A court in Uzbekistan has sentenced the leader of the country's main opposition movement - Sanjar Umarov - to nearly 11 years in prison for alleged economic crimes. His lawyer says Umarov will appeal the sentence, which critics say is politically motivated.

After a month-long, closed-door trial, presiding judge Zokirjon Isayev pronounced Sanjar Umarov guilty and sentenced him to more than ten years in prison.

Isayev told the court in Uzbekistan's capital, Tashkent, that the leader of Uzbekistan's main opposition Sunshine Coalition was guilty of heading an organized criminal group and creating several off-shore companies with the express purpose of committing corruption and fraud. Umarov denies the charges, and his supporters say he is the victim of a Soviet-style show trial.

Allison Gill is the Director of the Moscow office of Human Rights Watch (HRW). She says the only thing Umarov is guilty of is speaking his mind about the government's abuse of force in putting down last May's uprising in Andijan.

"The [Uzbek] government has been very, very harsh on its critics," said Gill. "Its cracked down on human rights defenders and opposition figures. Just last week, Nodira Khidayatova [Sunshine's coordinator] was also sentenced. Sanjar Umarov is now sentenced. So, the regime is systematically silencing its critics."
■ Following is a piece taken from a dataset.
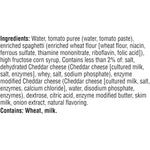 Campbell's_Canned_Spaghetti,_Snacks_for_Kids_and_Adults,15.8_OZ_Can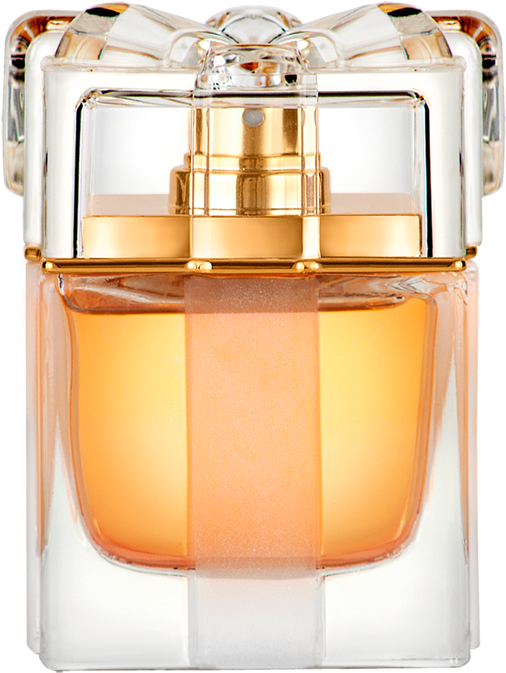 Perfume Feminino A Wish Vivinevo (709x776), Png Download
Gill and other rights defenders say Uzbek troops fired on unarmed protesters in Andijan, killing as many as 700 people.

Karimov's government has said that less than 200 died in Andijan and that Islamic extremists, and not the government, were to blame. The president has also resisted high-level calls in Europe and the United States to launch an independent investigation into what rights groups say was a massacre.
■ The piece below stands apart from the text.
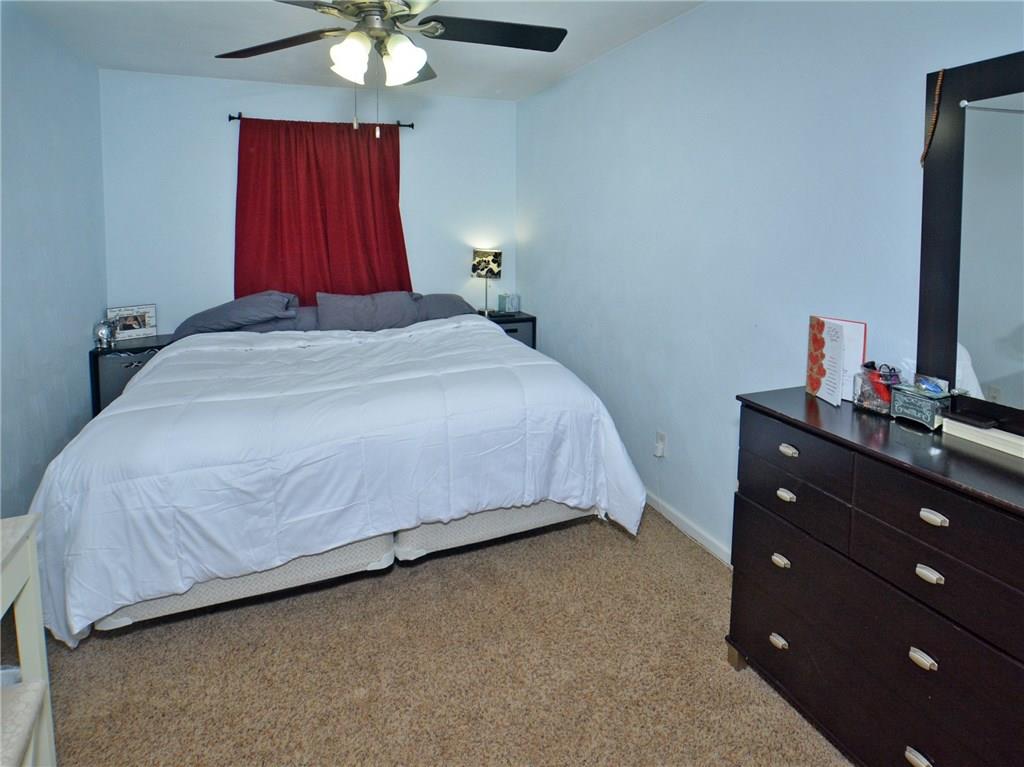 593 Lorraine Road Pittsburgh, PA 15221 - Photo 12 of 24 Gallery Image 12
Gill, who headed up the Human Rights Watch office in Tashkent until this past December, says civil society has been under constant attack in Uzbekistan since Andijan.
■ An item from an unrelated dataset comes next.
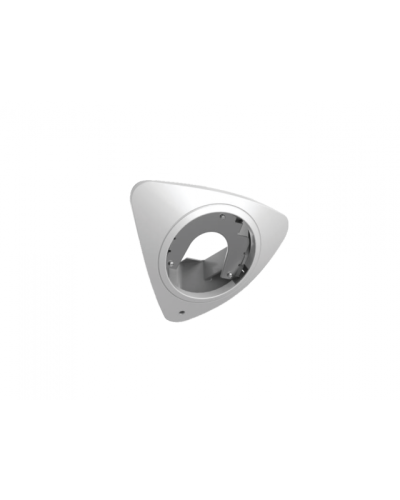 DS-1274ZJ-DM28. Кронштейн угловой. Hikvision в Салавате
"The government is shutting down foreign NGO's [or charities] as well as local NGO's. It has beaten up opposition figures and human rights defenders almost on a daily basis. Just today, a court in Uzbekistan ordered Freedom House to be closed," she said. "I believe the Eurasia Foundation is also ordered to be closed."

According to Gill, the government believes the western-funded organizations have helped the political opposition come to power in several other former Soviet Republics, including in neighboring Kyrgyzstan.

Last year, Uzbek Authorities shut down two U.S.-funded NGO's, Internews, which works to promote free media, and IREX, an education and research group.

Gill says Human Rights Watch has repeatedly urged Uzbekistan's government to protect opposition leaders rights to freedom of speech and association so that they can do their work as protected by international law.

To date, Gill says, the Uzbek government has not responded. President Karimov has characterized Andijan as a, quote, internal affair, - a position backed up by Russian President Vladimir Putin.